TASK DETAILS: Within the listing that follows, reproduce exactly the lines starting at the line with "Incarcator telefon mobil" and ending at the line with "Glendale Party Bus Rental", inclusive, and only those. Pictures are dropped.
____ DATA RECORDS
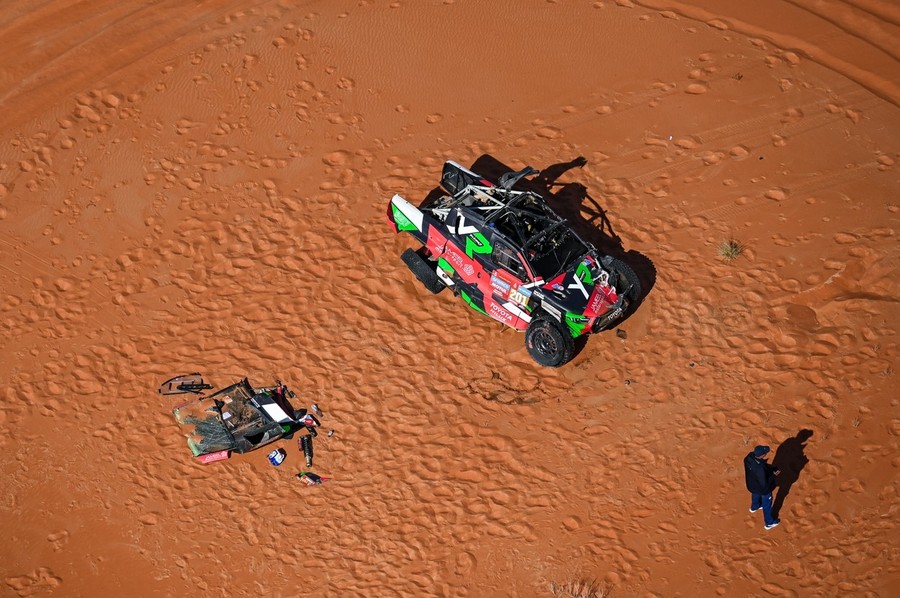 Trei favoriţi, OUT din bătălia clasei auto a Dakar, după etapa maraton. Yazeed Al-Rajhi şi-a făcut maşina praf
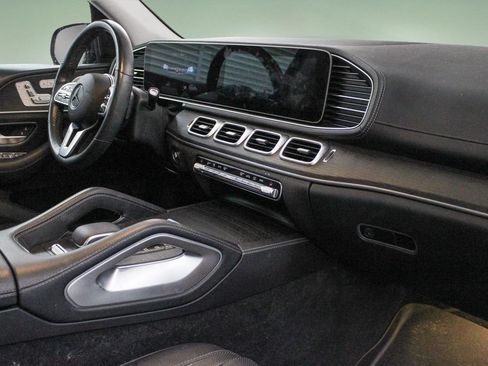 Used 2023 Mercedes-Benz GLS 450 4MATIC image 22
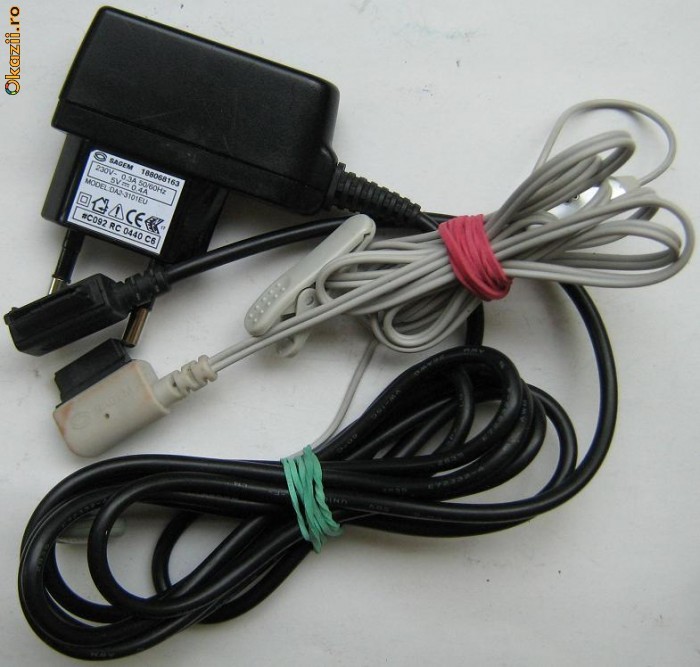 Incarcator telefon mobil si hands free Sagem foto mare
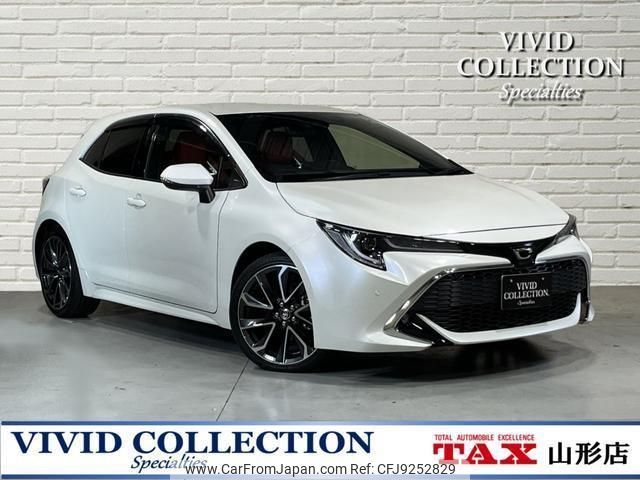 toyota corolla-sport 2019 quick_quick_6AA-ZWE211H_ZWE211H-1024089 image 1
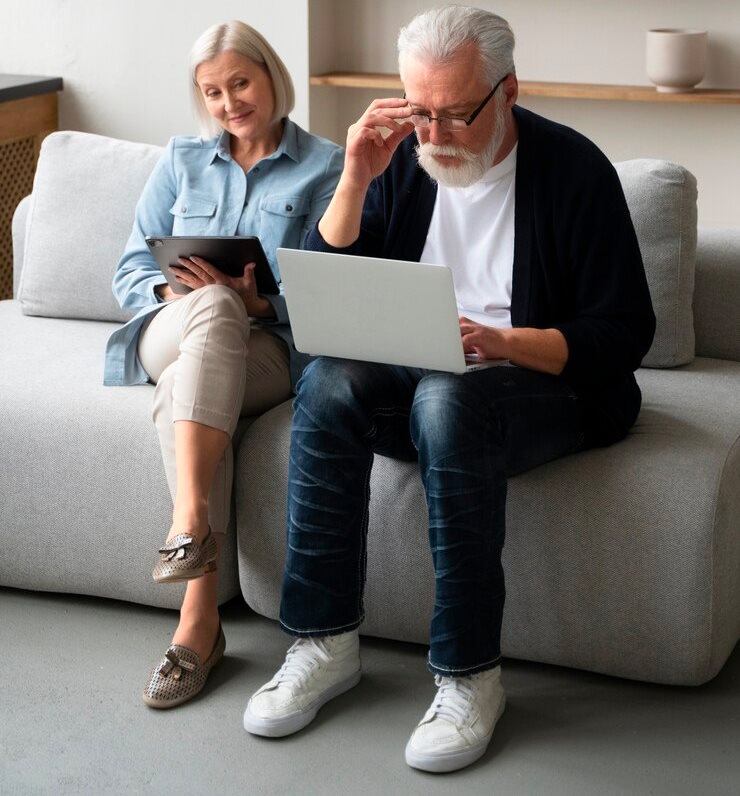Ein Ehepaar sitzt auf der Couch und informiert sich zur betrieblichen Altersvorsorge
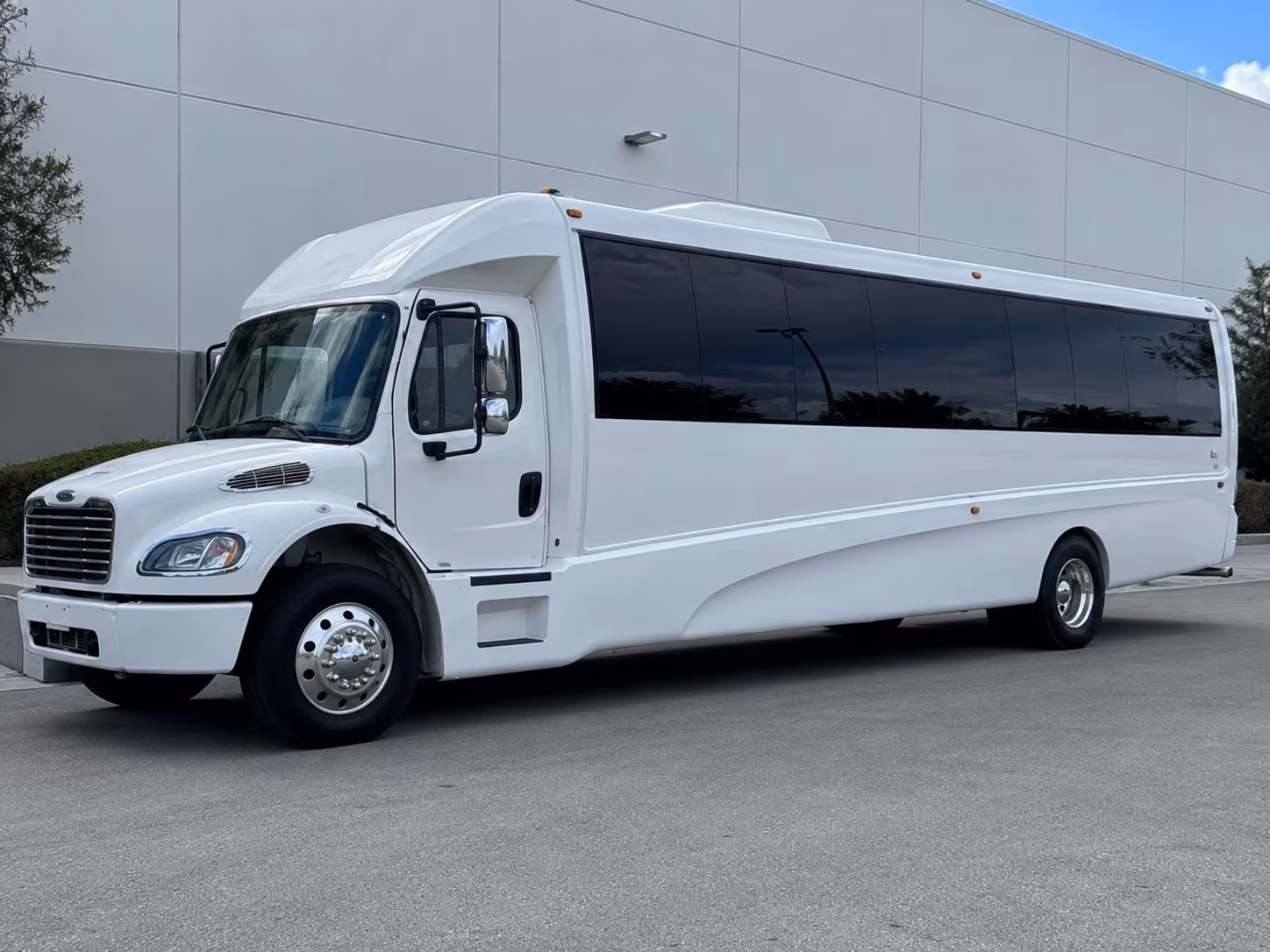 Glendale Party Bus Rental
________
____ DATA RECORDS
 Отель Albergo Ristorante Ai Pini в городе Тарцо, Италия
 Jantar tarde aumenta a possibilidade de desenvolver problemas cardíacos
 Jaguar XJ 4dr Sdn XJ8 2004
________
RESULT FOR THIS EXERCISE:
 Incarcator telefon mobil si hands free Sagem foto mare
 toyota corolla-sport 2019 quick_quick_6AA-ZWE211H_ZWE211H-1024089 image 1
Ein Ehepaar sitzt auf der Couch und informiert sich zur betrieblichen Altersvorsorge
 Glendale Party Bus Rental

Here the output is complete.